718 P.2d 1021

Douglas M. ALLEN, Jr. and Elizabeth Ann Allen, individually and as husband and wife, Plaintiffs-Appellants, v. SOUTHWEST SALT COMPANY, an Arizona corporation; Jerry Grott and Edna Grott, individually and as husband and wife, Defendants-Appellees.

No. 1 CA-CIV 8152.Court of Appeals of Arizona, Division One, Department A.
March 25, 1986.

Page 369

Appeal from the Superior Court, Maricopa County, Cause No. C-517438, James Moeller, J.

Lawrence O. Anderson, P.C. by Lawrence O. Anderson, Phoenix, for plaintiffs-appellants.

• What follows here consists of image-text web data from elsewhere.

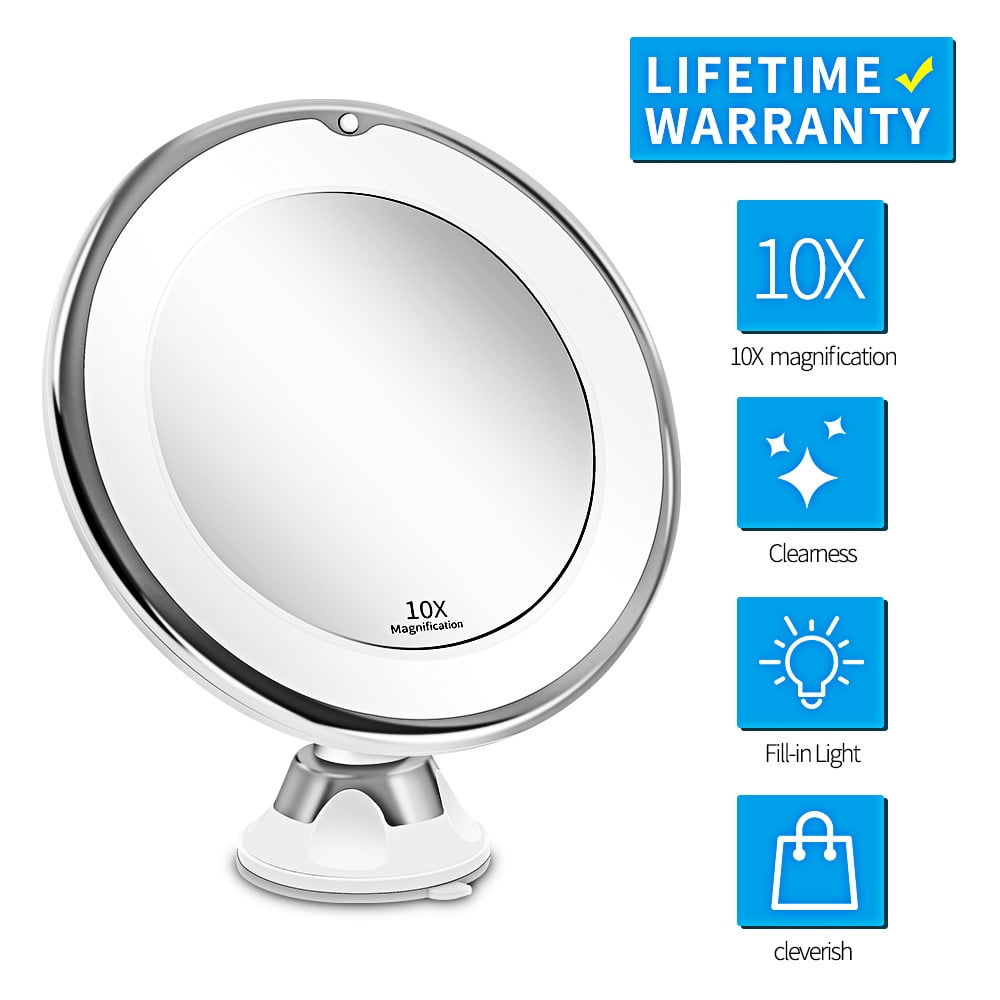 10x Makeup Mirror,Powerful Locking Suction Cup,and 360 Degree Rotating,Magnifying Mirror with Lights for Home, Bathroom and Travel (white)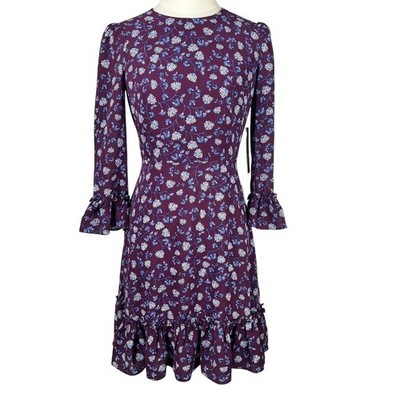 Eliza J Aubergine Jewel Neck Floral Print Ruffle Hem Long Sleeve Mini Dress Sz 0 | eBay Eliza J Aubergine Jewel Neck Floral Print Ruffle Hem Long Sleeve Mini Dress Sz 0 | eBay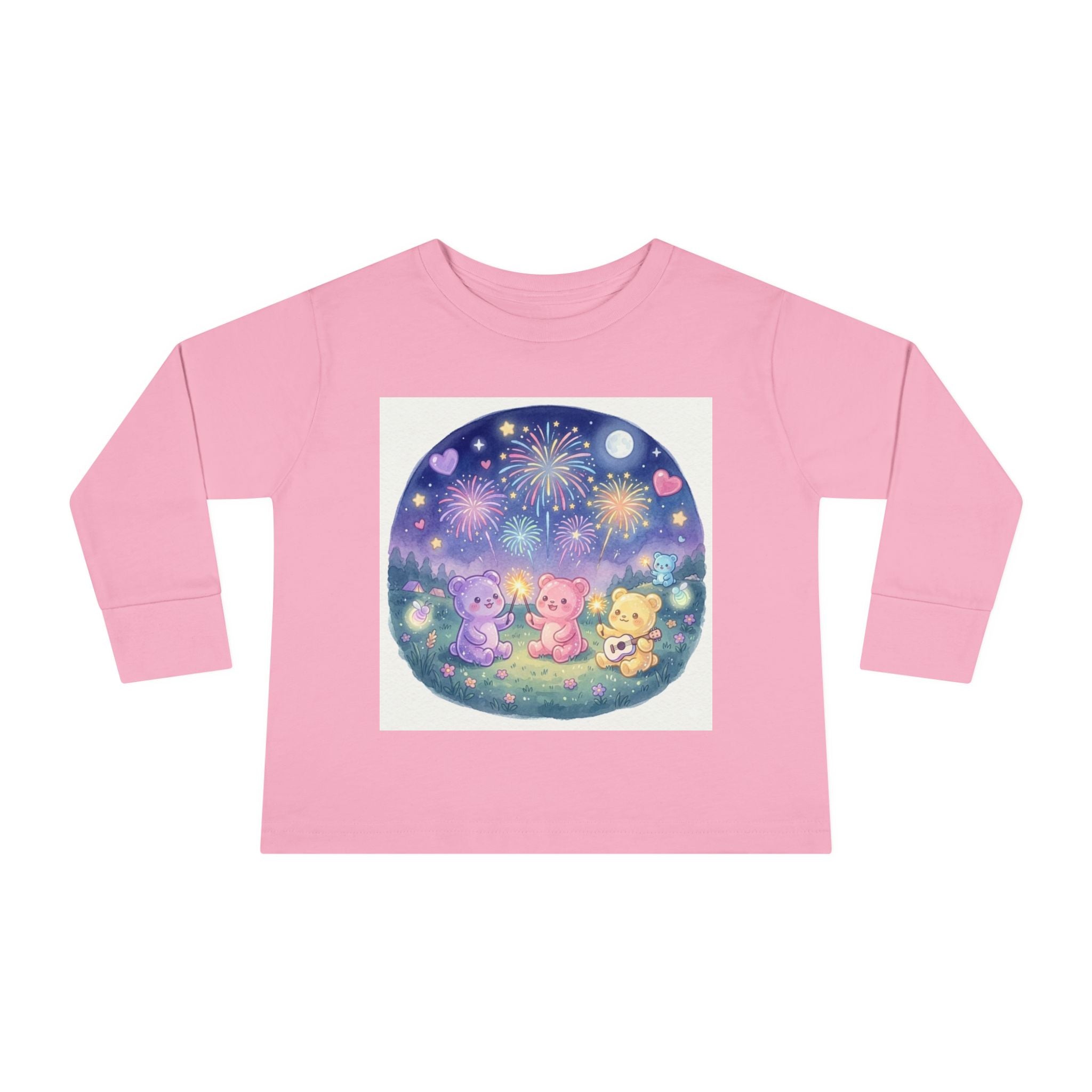 Watching Fireworks In the Night Sky, Oozy Bear Friend Group- Graphic Long Sleeve Shirt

State Compensation Fund by John R. Greer, Phoenix, for defendants-appellees.

OPINION

RICHARD M. DAVIS, Judge Pro Tem.

The plaintiffs-appellants Douglas Allen (Allen) and his wife brought this action against Allen’s former employer, Southwest Salt Company (Southwest) and its president, Gerald Grott (Grott) and his wife, appellees, to recover for personal injuries received in the course of employment. Appellants contend that they are entitled to prosecute a claim for “intentional tort” notwithstanding the exclusive remedy provision of A.R.S. §23-1022(A) and Allen’s receipt of workers’ compensation benefits. In the alternative, appellants seek to hold Southwest liable in tort in the capacity of a manufacturer. We affirm the trial court’s grant of summary judgment.

FACTS

In view of the posture of the case, the facts of record and all reasonable inferences to be derived therefrom must be viewed in the light favorable to appellants. Grain

Page 370

Dealers Mut. Ins. Co. v. James, 118 Ariz. 116, 575 P.2d 315
(1978).

Southwest is engaged in the solution mining of salt near Luke Air Force Base. The saline solution is pumped to the surface and stored in a hard-bottomed pond. Southwest uses what it calls a “salt harvester” to break up the precipitating salt crystals so that they can be conveyed to the wash house, or refining facility.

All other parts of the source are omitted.